| WHAT TO DO |
Exact copies of the lines below, from the one with "Pauly | PetCurious" up to and including the one with "Lake Manyara: Day", are what this calls for; leave out pictures.

| LISTED RECORDS |

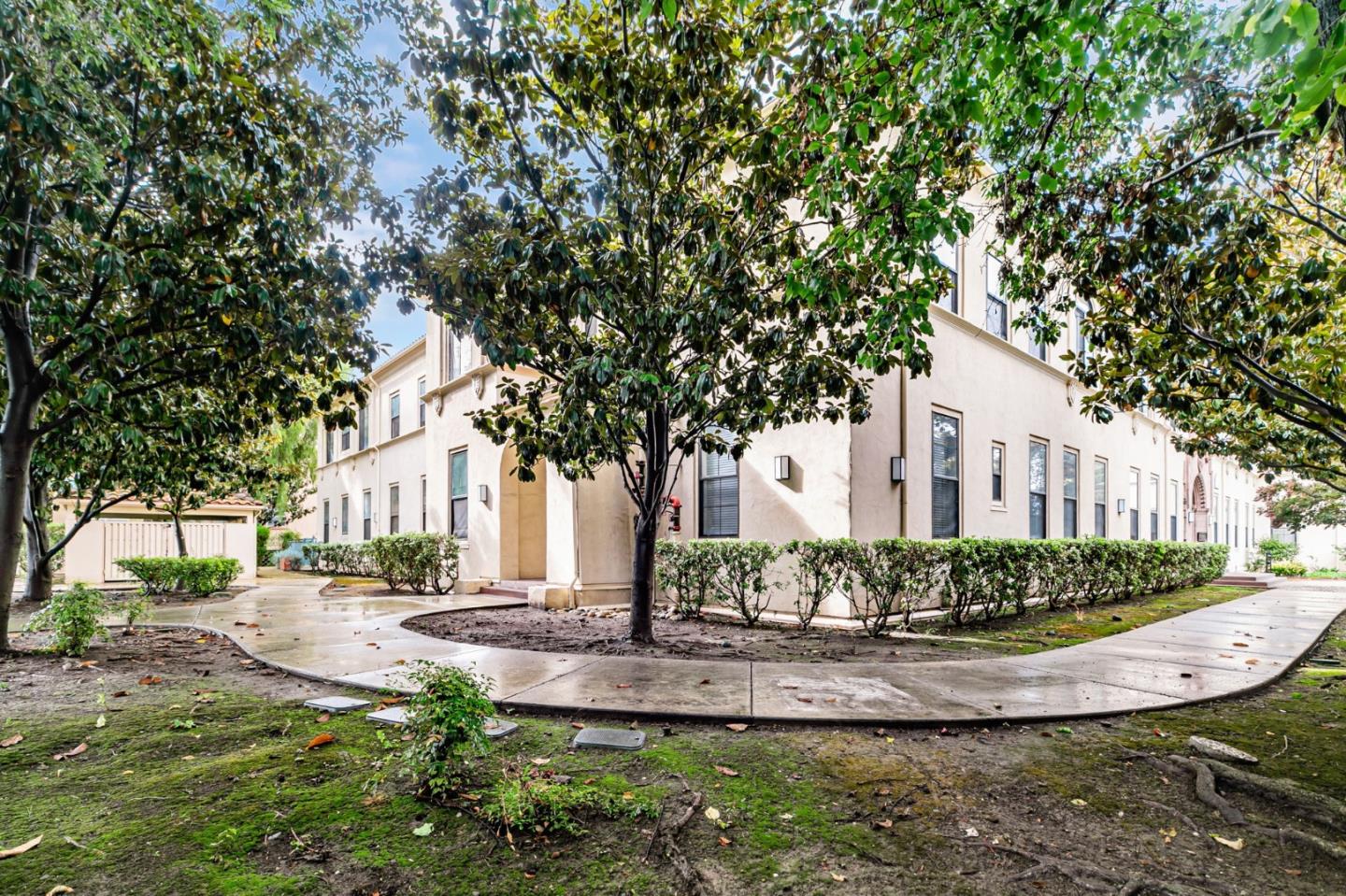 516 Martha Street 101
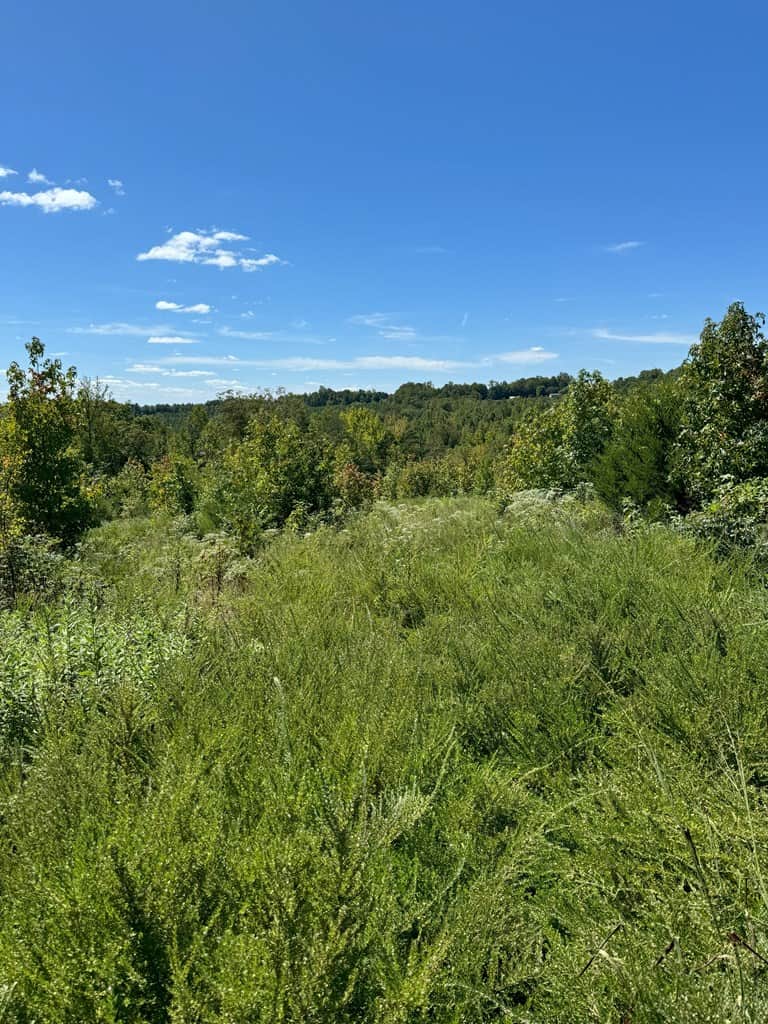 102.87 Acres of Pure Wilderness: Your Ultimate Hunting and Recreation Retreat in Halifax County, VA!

...

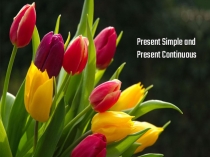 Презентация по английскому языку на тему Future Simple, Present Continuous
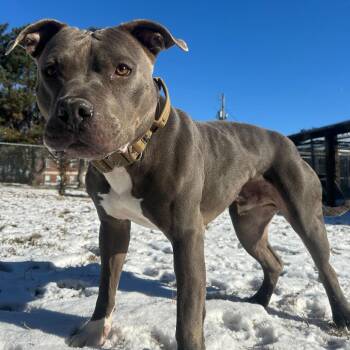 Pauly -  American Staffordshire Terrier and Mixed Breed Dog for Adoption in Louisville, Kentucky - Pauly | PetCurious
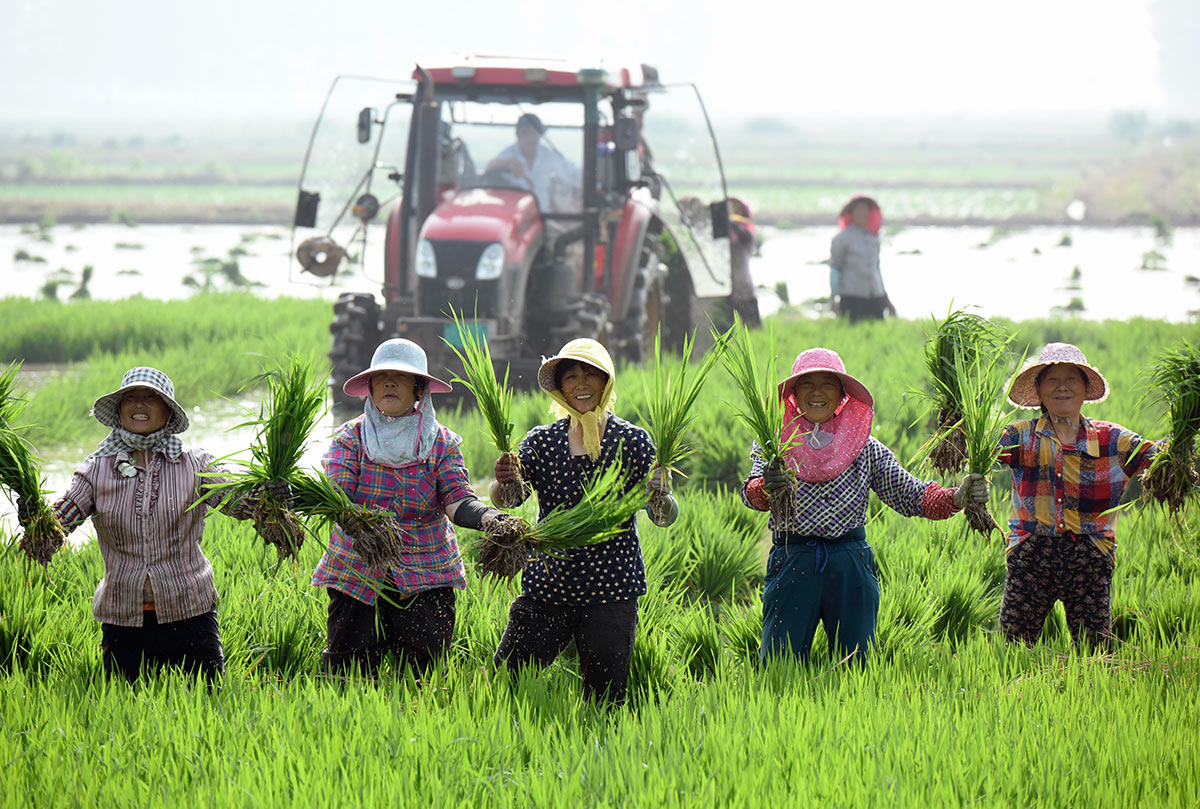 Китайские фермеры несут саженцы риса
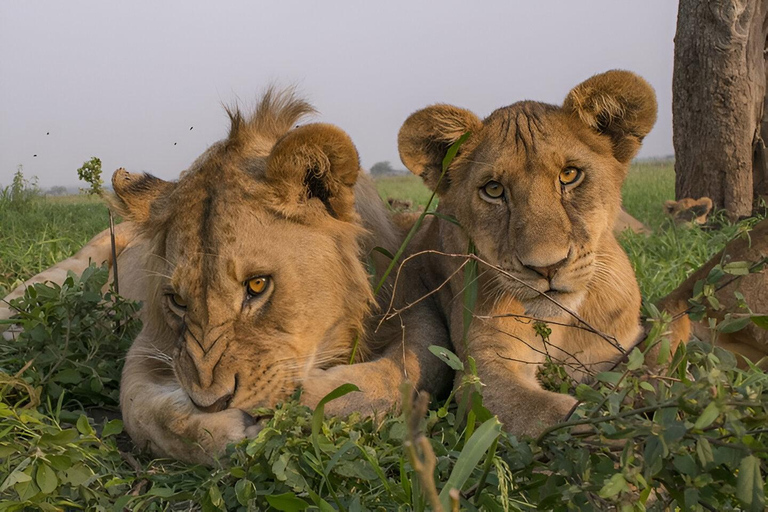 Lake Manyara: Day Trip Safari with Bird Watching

==

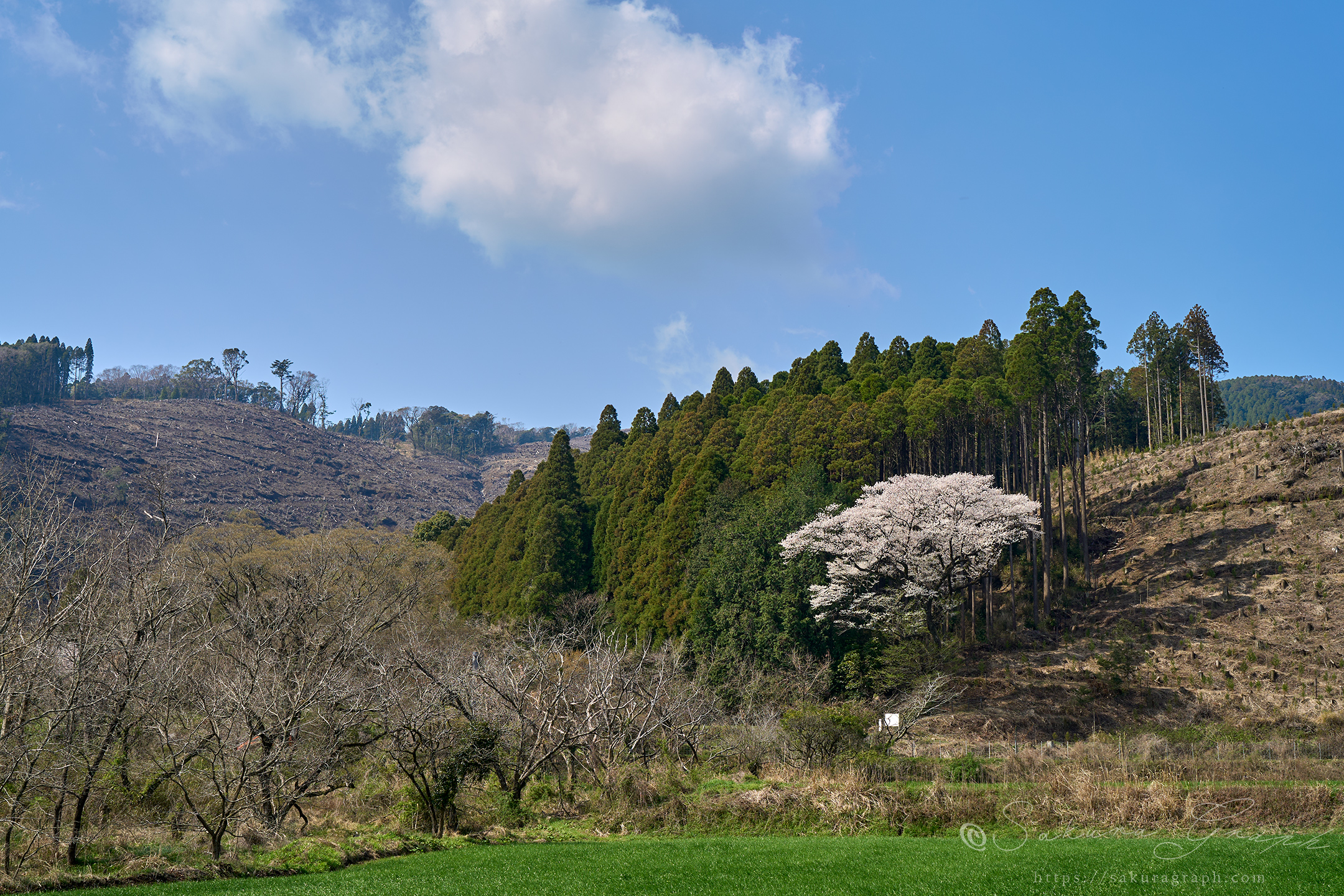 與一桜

| WORKED SOLUTION |
 Pauly -  American Staffordshire Terrier and Mixed Breed Dog for Adoption in Louisville, Kentucky - Pauly | PetCurious
 Китайские фермеры несут саженцы риса
 Lake Manyara: Day Trip Safari with Bird Watching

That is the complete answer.